When Eric Bachmann wrapped recording on the latest Crooked Fingers album, he sat down with manager Ben Dickey to plot out his next move. They considered re-signing with Merge, which had released several of his previous albums, and discussed other possible labels. Then they took a look at the numbers.
“The history of Crooked Fingers has been selling around 10,000 copies per album, at least for the last four records,” Dickey says. “With that in mind, we decided that we might as well try to do something new and reach people in a more grass-roots way. We realized that we could sell a fraction of the number of copies the last albums sold and still be more profitable if we decided not to sign a label or distribution deal.”
Bachmann himself was skeptical about signing another deal. “I don’t know at this point [what the point of being on a label is], unless you want to have a massive marketing machine behind you,” the former Archers of Loaf frontman says. “Essentially that’s what I’m giving up, but I never really had that anyway, so for me it doesn’t make any sense.”

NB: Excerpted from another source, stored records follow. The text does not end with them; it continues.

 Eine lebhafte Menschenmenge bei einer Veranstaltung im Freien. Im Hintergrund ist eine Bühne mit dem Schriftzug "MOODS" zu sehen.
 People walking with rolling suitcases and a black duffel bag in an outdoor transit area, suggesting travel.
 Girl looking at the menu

Dickey and Bachmann eventually decided to sell “Forfeit/Fortune” to retail, without a distribution partner. The pair connected with AJ Tobey, marketing manager for Flea Marketing, a promotion firm that specializes in indie retail.

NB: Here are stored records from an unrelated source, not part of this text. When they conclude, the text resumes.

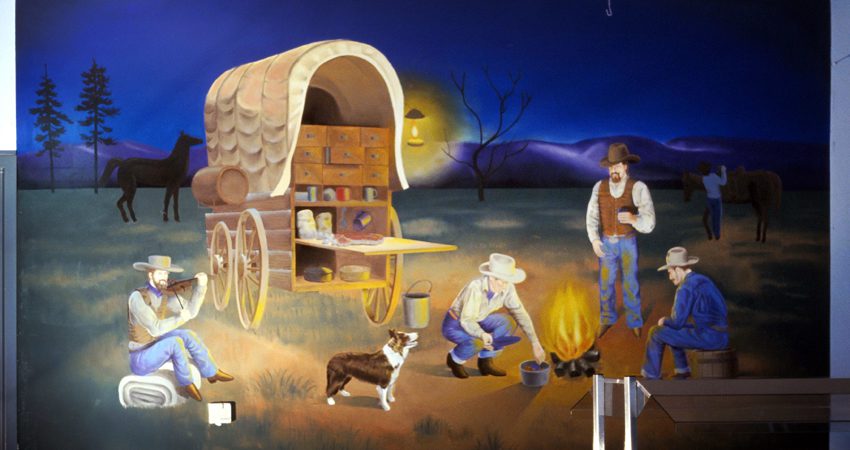 A painting of people and an old wagon.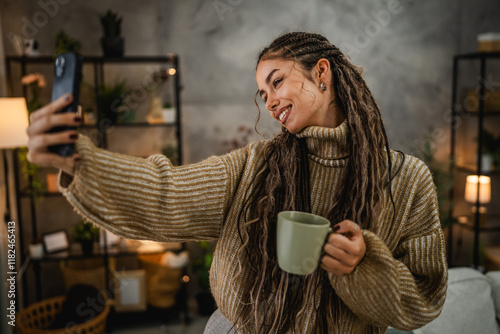 beautiful smiling young woman take a self portrait with mug at home photo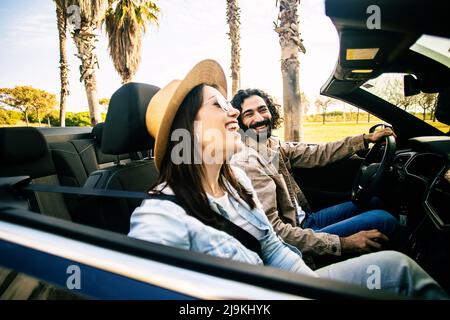 Glückliches junges Paar, das auf einer Sommerreise ein Cabriolet fährt Stockfoto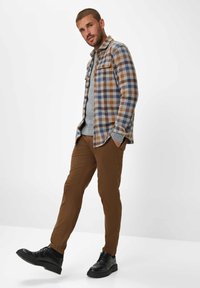 Karierte Hemd in Blau, Braun und Creme, über einem grauen Pullover getragen; braune Hose und schwarze Schuhe. Verfügt über geknöpfte Taschen und einen lockeren Schnitt.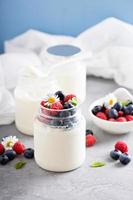 Fresh homemade yogurt in small jars photo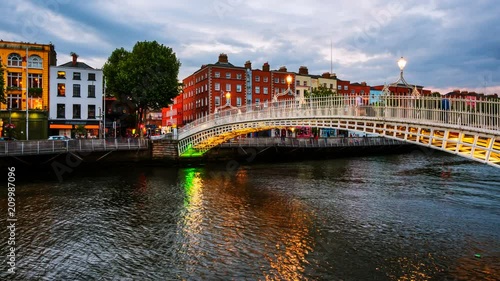Dublin, Ireland. Night view of famous illuminated Ha Penny Bridge in Dublin, Ireland. Time-lapse at sunset. Light to dark, zoom in
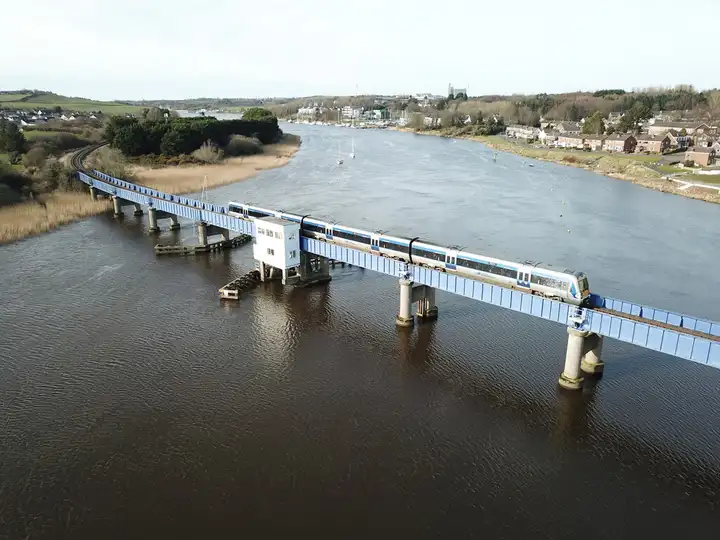 Vue aérienne d’un train de voyageurs franchissant le long pont ferroviaire bleu sur la Bann à Coleraine, avec la rivière et des bateaux au mouillage vers l’aval.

“We decided to focus on a small handful of good indie record stores to get the project off the ground,” Tobey says of the set, due Oct. 7. They initially selected 20 stores, based on past support of the band and the routing of an upcoming tour, but the number keeps growing. The record will also be sold at shows, through the Crooked Fingers Web site and via iTunes and other digital stores.
According to Bachmann, there will be several versions of the album available. “We’ll have two versions of the CD,” he says. “One is standard. We’ll do vinyl through Foreign Leisure, a small label out of Chicago and Milwaukee. There will be a limited-edition deluxe version with a DVD and a CD, and a little bit of different artwork. If you order it online digitally as a download, you wouldn’t get the DVD. The first so many people will get a bundle too, like with a shirt and a hat. This is the typical stuff that labels are supposed to do but we’re going to do it ourselves this time.”
In contrast to 2006’s “To the Races,” which Bachmann wrote while voluntarily living in a van for two months, “this is a very arranged, louder rock record, with lots of strings, horns and saxes,” he says. Bachmann drafted tourmate Neko Case to duet with him on closer “Your Control,” which he describes as “really different than her style. It almost sounds like New Order.”